Dans un climat international tendu, marqué par le conflit en Ukraine et une méfiance croissante envers Moscou, l'Union Européenne franchit une nouvelle étape dans la construction de son autonomie stratégique.

La Commission Européenne a dévoilé une feuille de route audacieuse visant à préparer le bloc à une confrontation potentielle, jugée possible par certains services de renseignement d'ici cinq ans.

Un plan d'envergure nommé "Readiness 2030"

Loin d'être une simple déclaration d'intention, ce plan constitue une stratégie de défense concrète, potentiellement dotée de 800 milliards d'euros, articulée autour de quatre programmes phares.

La feuille de route, nommée Readiness 2030, prévoit une initiative de défense anti-drones, des fortifications sur le flanc Est du bloc et un bouclier aérien pour intercepter les menaces balistiques.

Mais l'élément le plus novateur reste sans conteste le Bouclier Spatial Européen. L'objectif est clair : combler les neuf "lacunes capacitaires" identifiées par la Commission pour faire face à ce qu'elle décrit comme un "paysage de menaces en pleine évolution" alimenté par la Russie et d'autres États autoritaires.

On retrouve ici le principe de guerre hybride avec non pas un front identifié mais une myriade de menaces touchant de nombreux secteurs et infrastructures sensibles ou stratégiques.

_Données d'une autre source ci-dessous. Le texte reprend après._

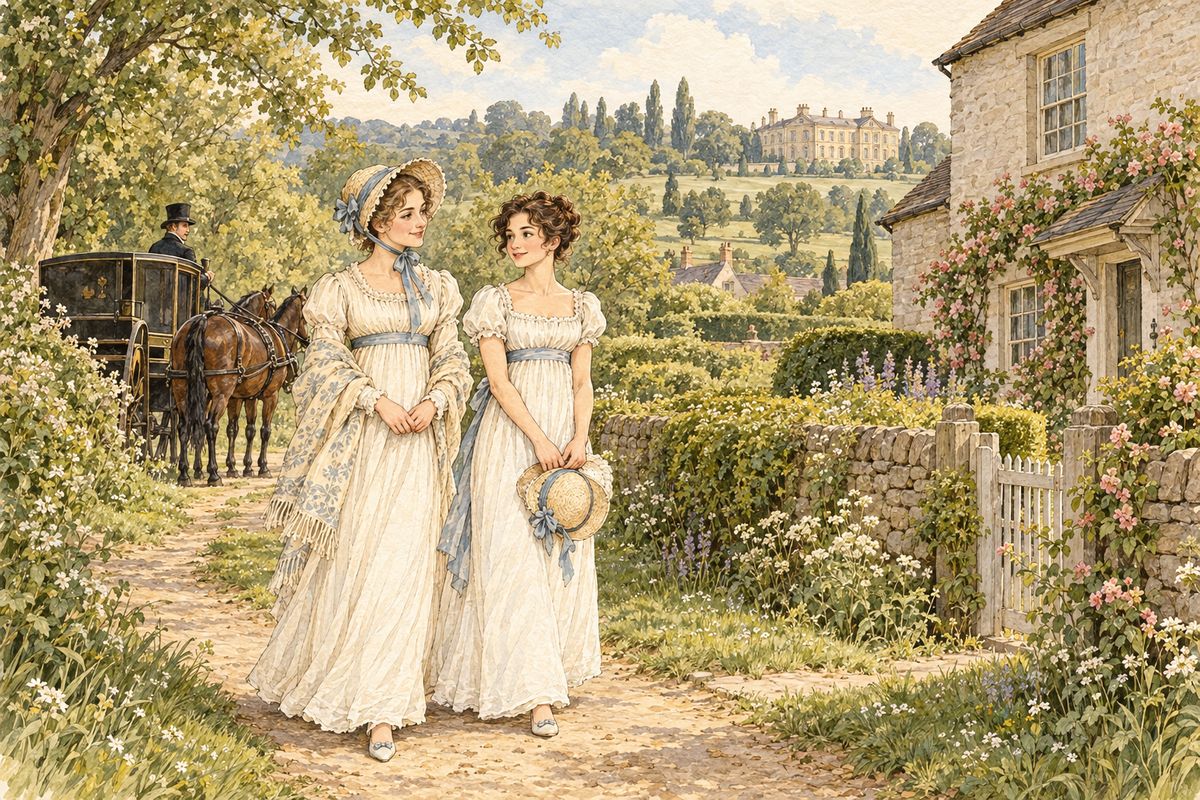 In March, Elizabeth travelled into Kent to visit Charlotte at Hunsford. The parsonage was neat and snug, and Rosings Park, Lady Catherine's great house, could be seen across the lane. Mr Collins took her round the garden and pointed out every view with tiresome minuteness.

Le Bouclier Spatial : une forteresse en orbite

Prévu pour un lancement au deuxième trimestre 2026, ce bouclier vise à protéger les infrastructures spatiales critiques de l'UE. Ces satellites, qui assurent des services civils et militaires essentiels comme la navigation (Galileo) ou les communications sécurisées (IRIS²), sont de plus en plus vulnérables aux menaces modernes, comme l'ont montré des accusations récentes de "stalking" de satellites allemands par des engins russes.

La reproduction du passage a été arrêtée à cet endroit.